1. Laktat-Dehydrogenase (LDH)
Warum wird der Laktat-Dehydrogenase-Wert gemessen?
Die Laktat-Dehydrogenase (LDH) ist ein Enzym, das Pyruvat in Laktat umwandelt. Es befindet sich im Zellinneren fast aller Zellen. Der Mensch besitzt 5 verschiedene Laktatdehydrogenasen. LDH-1 und LDH 2 kommen vor allem im Herzen, in den Nieren und den roten Blutkörperchen vor. LDH-3 in Milz, Lunge, Lymphknoten, Blutplättchen und Hormondrüsen. LDH-4 und LDH-5 in der Leber und im Skelettmuskel.

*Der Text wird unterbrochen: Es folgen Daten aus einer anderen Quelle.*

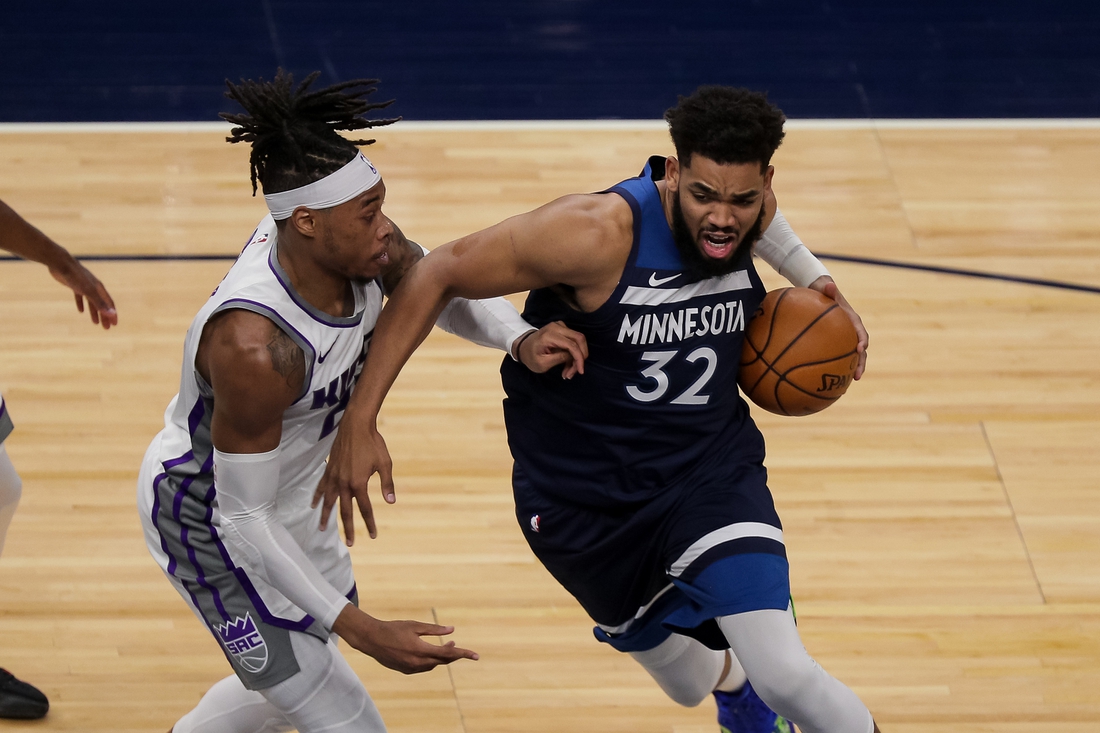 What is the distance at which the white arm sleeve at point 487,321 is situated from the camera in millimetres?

Werden Körperzellen zerstört, wird die Laktat-Dehydrogenase freigesetzt und gelangt ins Blut. Ein erhöhter LDH-Spiegel im Blut weist also auf absterbende Zellen hin.
Welchen Laktat-Dehydrogenase-Wert sollten man aufweisen?
Untergrenze: 135 Einheiten pro Liter (Units pro Liter, U/l)
Obergrenze: 225 Einheiten pro Liter (Units pro Liter, U/l)
Was bedeuten zu niedrige Werte?
Zu niedrige LDH-Werte haben keine medizinische Bedeutung.
Was bedeuten zu hohe Werte?
Zu hohe LDH-Werte können auf einen Herzinfarkt, Lungenembolie, akute Leberentzündung (Hepatitis), Blutarmut (hämolytische Anämien), Krebserkrankungen oder Muskelentzündungen (Myositis) hindeuten. Auch nach Unfällen oder Operationen können die Werte erhöht sein.
2. LDL-Cholesterin
Warum wird der LDL-Cholesterin-Wert gemessen?
Nach der Aufnahme von Cholesterin mit der Nahrung wird es aus dem Darm ins Blut aufgenommen und dort von Fettpartikeln in die Körperzellen transportiert. Das Cholesterin, das der Körper selbst in der Leber produziert, wird an bestimmte Eiweiße (Lipoproteine) gebunden und von der Leber zu den Körperzellen oder von dort zur Leber transportiert.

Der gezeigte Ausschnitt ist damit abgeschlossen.